Femcat ha levantado varios estandartes en su corta historia. Uno de ellos es el de la formación, otro el de la innovación y un tercero el de las infraestructuras. De ahí que haya pilotado varias misiones empresariales a algunos de los países que sus patronos consideran modélicos (el líquido que debería beber Catalunya para digerir su futuro) en el ámbito de las universidades, la investigación y la organización de infraestructuras. Hong Kong, Finlandia (¡oh, el sueño finlandés de algunos catalanes!), Estados Unidos e, incluso, Israel y su espíritu de emprender han sido objeto de análisis y divulgación por parte de los patronos.
Pero lo que puso en el mapa empresarial a Femcat fue su activismo en aquel acto del IESE en el que la sociedad civil barcelonesa hizo su particular aquelarre sobre el aeropuerto de El Prat y comenzó a criminalizar a Iberia por su presunto abandono de la capital catalana como nudo de su tráfico aéreo futuro. Desde un discreto pero activo segundo plano, Femcat impulsó una rebelión que acabó con la compra de Spanair y en un sonado fracaso que ha costado, a cada uno de los que apostaron por Volcat, un millón de euros. A cada uno, eso sí, con condiciones diferentes y especiales, porque el Institut Català de Finances (ICF) les concedió los créditos con parámetros particulares y vinculados a las garantías personales que aportaron.

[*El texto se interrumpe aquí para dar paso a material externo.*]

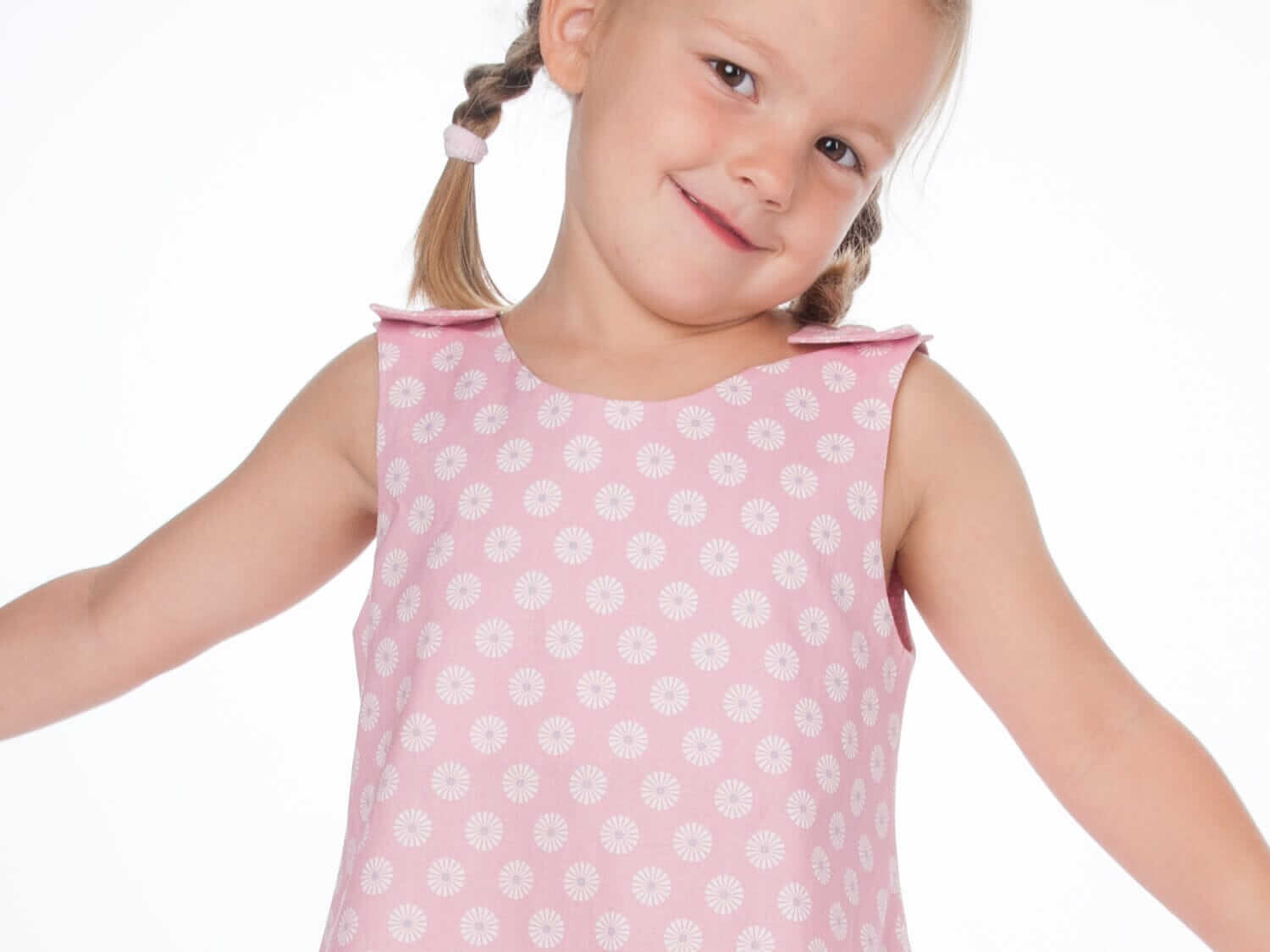 Schnittmuster Mädchenkleid STEFFI Gr. 74 - 152, pinkes Babykleid mit Blumenmuster, fröhliches Mädchen präsentiert das Kleid.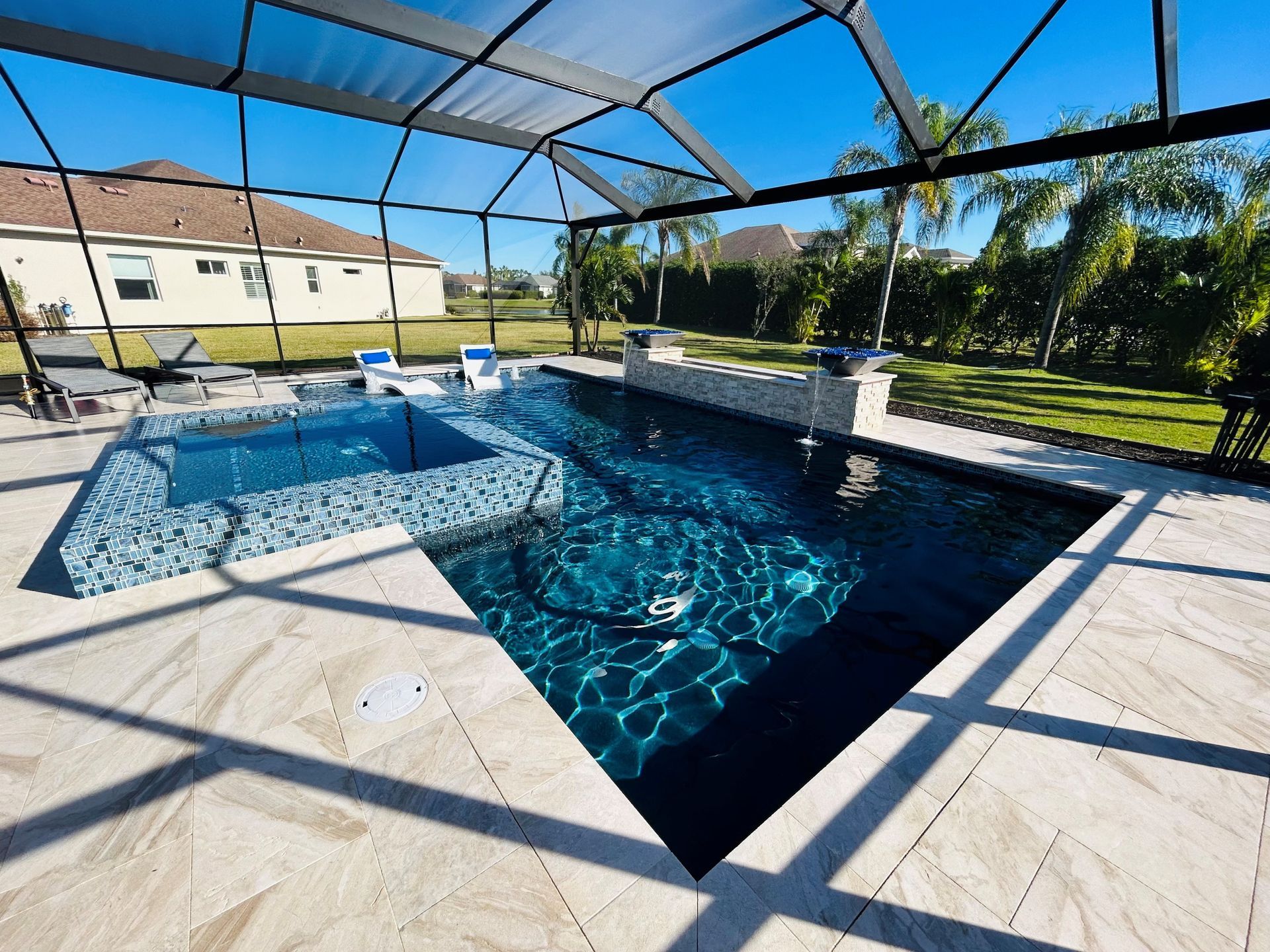 A rectangular pool and raised spa with blue mosaic tiles, set on a light stone patio under a screened enclosure.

Cuando alguien está dispuesto a palmar un millón de euros por su país merece un respeto, aunque se haya equivocado. Por tanto, cuando Femcat intenta poner en valor su fracaso con Spanair la administración catalana (tan próxima a sus postulados) no puede, ni se atreve (son coetáneos de Mas y su equipo) a dejarlos de lado. Y eso supone más oxígeno para su causa. Veamos.

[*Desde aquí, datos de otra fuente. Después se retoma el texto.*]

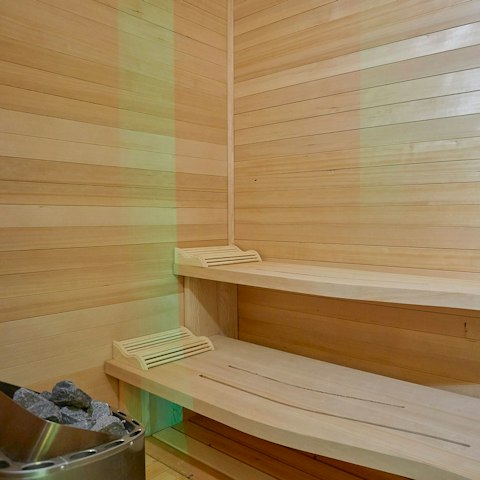 Unwind body and mind in the private sauna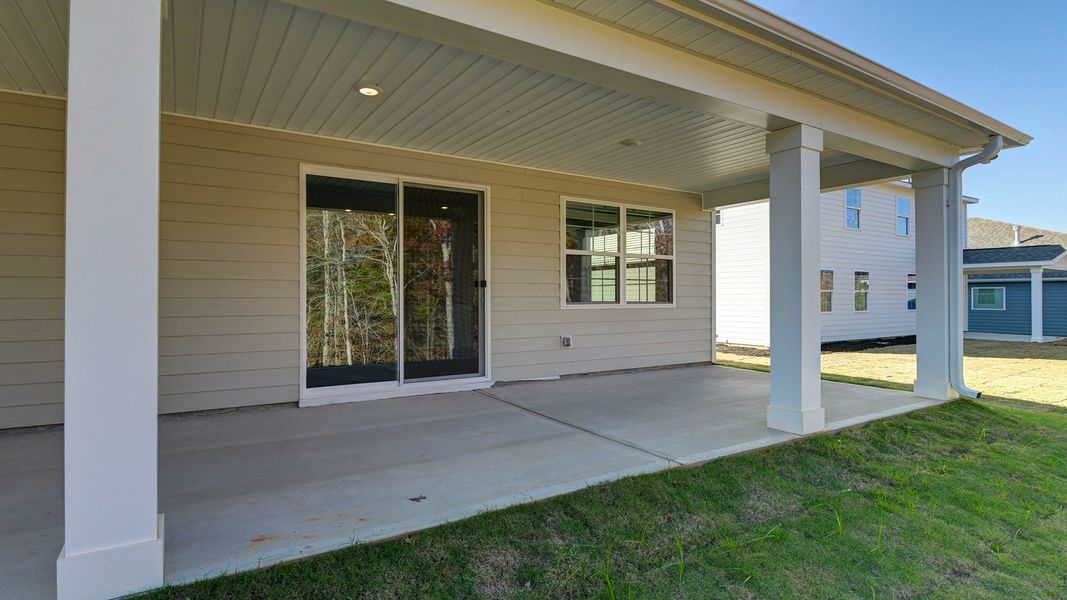Exterior details and patio area of a home in Livingston Woods, Irmo (Image 24).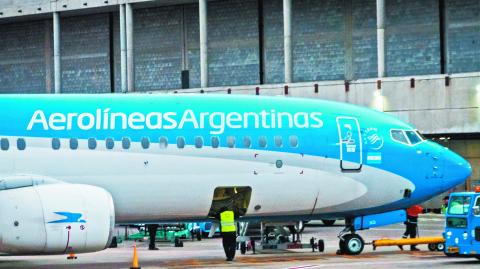 Buenos Aires, Argentina - Aug 10 2024: The staff are seen doing final inspections on an Aerolineas Argentinas aircraft.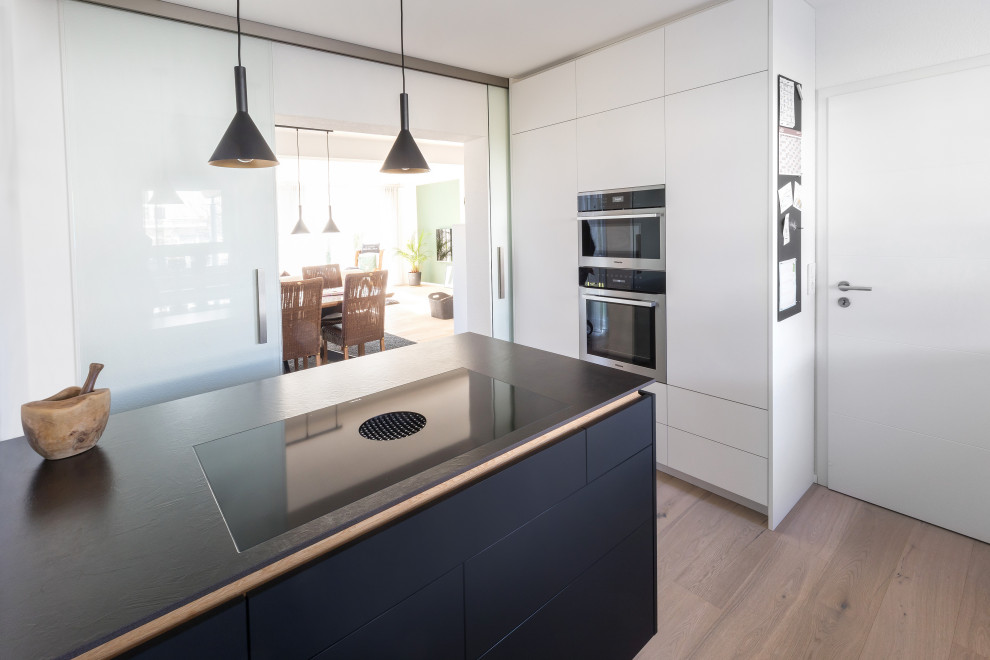 This is an example of a mid-sized contemporary galley separate kitchen in Stuttgart with white cabinets, white splashback, light hardwood floors, with island and black benchtop.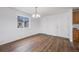 Well-lit dining room featuring new hardwood flooring and a modern chandelier at 1334 Carriage Dr, Longmont, CO 80501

Sumarroca, actual presidente, quiere (y permítanme el símil aeronáutico) más pista de vuelo: por ejemplo, formar parte del GTI-4, el grupo de trabajo de infraestructuras que componen la Cambra de Comerç, el RACC, Foment del Treball y el Cercle d’Economia. Así lo ha solicitado a alguno de los integrantes, aunque sin mucho éxito de momento. Si se abre el melón de quién y cómo representa a la sociedad civil nos adentramos por una peligrosa senda, vienen a decir las cuatro instituciones que tienen la representatividad en el asunto de las infraestructuras. ¿Por qué Femcat y no Pimec? ¿O Cecot? ¿Por qué no el Barça? Incluso, ¿por qué no la Abadia de Montserrat?
Llegan en mal momento y con la imagen erosionada por el fracaso de Spanair. Si han sido incapaces de lograr un futuro venturoso para la aerolínea, ¿qué altura de miras, qué visión estratégica especial se les debe suponer para guiar cuáles han de ser las grandes infraestructuras del país? Esa es la pregunta que se hacen aquellos que, con más experiencia y retranca, se miran el asunto desde su perspectiva histórica. En consecuencia, Femcat no será bienvenida en el GTI-4 y en casi ninguna otra institución o entidad barcelonesa tradicional.
La pregunta inferida es obvia: ¿Acaso Femcat constituye una afrenta permanente al status quo empresarial barcelonés más tradicional? Las respuestas que he obtenido a este interrogante son variadas, negativas, pero coincidentes: primero, es necesario que demuestren su capacidad en sus empresas; segundo, que pongan encima de la mesa que pueden gestionar adecuadamente proyectos colectivos después del fracaso de Spanair; y tercero, y más definitivo, que acaben de hacer su travesía del desierto, que amorticen sus créditos del ICF y luego, más sosegadamente, ya se hablará.
Sí, ya sé que es cruel la sociedad civil catalana, más aún cuando actúa con discreción y bajo anonimato, pero créanme, es lo que hay. Todo lo demás, fuegos de artificio. Incluso aunque lleven el apellido Cat en su nombre de pila.